ところが、人手不足で事業を完結させられる人や、担保するスキルがないぞということになると、スキルを持った社員に辞められてしまうことが最大のリスクになってきます。賃上げの文脈も踏まえ昇給を保障することで社員を逃がさない日本型経営へと先祖返りしていくことも増えてきているのです。
ここ数年は、タイパを気にする若い社員が社内でのコミュニケーションを嫌って部門の飲み会や会社の行事を忌避するので取りやめる、という方向が出ていましたが、コロナを挟んでHR(人事技術)の間では適切な頻度で社内行事や飲み会のある会社のほうが定着率も生産性も改善することが分かってきています。

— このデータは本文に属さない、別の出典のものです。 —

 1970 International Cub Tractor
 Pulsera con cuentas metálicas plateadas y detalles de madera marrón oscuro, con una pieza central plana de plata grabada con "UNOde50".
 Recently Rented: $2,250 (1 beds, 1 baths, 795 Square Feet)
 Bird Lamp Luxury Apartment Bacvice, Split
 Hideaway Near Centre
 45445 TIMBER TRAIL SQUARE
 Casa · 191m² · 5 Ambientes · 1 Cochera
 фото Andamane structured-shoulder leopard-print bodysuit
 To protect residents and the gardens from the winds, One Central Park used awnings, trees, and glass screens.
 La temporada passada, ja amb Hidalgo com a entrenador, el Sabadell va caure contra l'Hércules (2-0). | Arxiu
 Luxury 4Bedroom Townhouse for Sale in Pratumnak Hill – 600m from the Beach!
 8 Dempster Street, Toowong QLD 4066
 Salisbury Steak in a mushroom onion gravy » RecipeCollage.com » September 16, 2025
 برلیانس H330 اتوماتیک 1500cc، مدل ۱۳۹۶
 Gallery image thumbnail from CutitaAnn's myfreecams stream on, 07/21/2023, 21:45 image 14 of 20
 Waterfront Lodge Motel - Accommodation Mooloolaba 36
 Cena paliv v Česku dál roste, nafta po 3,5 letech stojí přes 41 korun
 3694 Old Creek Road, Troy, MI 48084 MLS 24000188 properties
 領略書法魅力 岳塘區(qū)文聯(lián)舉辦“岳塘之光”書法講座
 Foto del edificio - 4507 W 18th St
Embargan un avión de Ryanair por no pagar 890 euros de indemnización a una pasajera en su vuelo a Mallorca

実は大部分の社員はもっと同僚や上司部下の人となりを知りたいし、仕事や組織の話も聞いてみたいものなのです。一周回って、飲み会でも何でもやって組織のみんながその社員のパーソナリティが分からなければ生産性の上げ方も組織での扱い方も分からないので、そういう人には組織の側も知識やスキルの伝授をしないという方向にいくことになるのでしょう。
日本人が投げ捨てようとしてきたことは思い返す必要があるかもしれません。そして、実はそれは時代は下っても「長く勤めてもらうための報酬体系は、日本人の文化に馴染む組織論だった」ということなのでしょう。
これらの考え方は、じわじわと中途採用にも話が広がっていって、ある特定の分野の能力を持つ人を市場評価よりも高値でヘッドハントするのは無駄、という話は事例が集まりつつあります。確実なのは、会社や組織は必ずしもオワコンではなく、フリーランスや小規模事業主として請負や業務委託で生きていくことのできるタイプの人材は限られているということです。その人が何をできる人で、どのような実績と評価を得ながらキャリアを重ねてきたのかという「中身」と、その中身への組織の中での適切な「価格」を俸給としてどう設定するかが、これからの働き方改革の中では強く問われていくことでしょう。
日本型経営の利点を思い返すべきとき
あくまでクリエイティブをやっている会社(一部テック系を含む)は、存続する限り、離職率が適度に低い、ちゃんと社員が定着している会社が、仕事に対するクオリティを維持でき、利益率を確保できている、という当たり前のことが数万社と取引する大手ビッグテックの取引履歴から分かってきています。
日本人からすると「そんなの当然じゃないか」と思うところも多々あるんですが、そういう日本型経営の利点や良かった部分をこそ、日本人が投げ捨てようとしてきたことは思い返す必要があるんじゃないかと思いますし、日本からGAFAMのようなビッグテックが生まれないと嘆く人たちはビッグテック各社がいまもの凄い悩みと共に組織改革をしようとしていることをもう少し理解してほしいなあと感じる次第です。